Restaurant owners in Belgium are gearing up to legally challenge their government-ordered and “discriminatory” month-long closure, claiming there is insufficient scientific evidence to back it.
Several businesses owners hit by the four-week closure said they will bring their case to Belgium’s Council of State and push to fast-track its review by the country’s highest administrative court.
The entrepreneurs, mainly active in the restaurant sector in Brussels and Wallonia, joined forces via an informal collective whose aim is to see the court overturn the government’s recent tightening of rules, which they claim is discriminatory.
The Belgian government’s most recent tightening of rules, which came into effect on Monday, will keep all bars, restaurants and cafes in the country shut down until at least 8 November, pending a review of measures in two weeks’ time.
“In March the general lockdown impacted everybody — but, in this case, why is it only the horeca [the hotel, restaurant and café industry] that is targeted?” Clément Pesesse, one of the lawyers preparing the complaints, told 7sur7.
Pesesse also called out the government for putting businesses under increased stress by announcing that the measures would come into force “from one day to the other.”
“The Belgian state is at fault here,” he said, adding also that the collective believed there was a lack of factual data to justify closing down only food and drink establishments, echoing previous complaints from business owners in Brussels.

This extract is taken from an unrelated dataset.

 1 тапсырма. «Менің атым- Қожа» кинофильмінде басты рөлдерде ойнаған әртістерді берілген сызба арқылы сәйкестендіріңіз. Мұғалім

The collective also said that the measures announced this weekend by the government were “largely insufficient” to bring relief to businesses who have been hard-hit by on-and-off closures since the nationwide lockdown was imposed in March.
“With this action, we aim to defend not only the cafes and restaurants but also a whole string of businesses and companies that will be impacted by the general shut down of the horeca sector,” a restaurant owner member of the collective said.
The group’s is aiming to introduce their complaint on Tuesday and has received the backing of an employers’ organisation, the Fédération Patronale Interprofessionnelle SDI as well as horeca federations in the provinces of Namur, Liège and of the Walloon Brabant.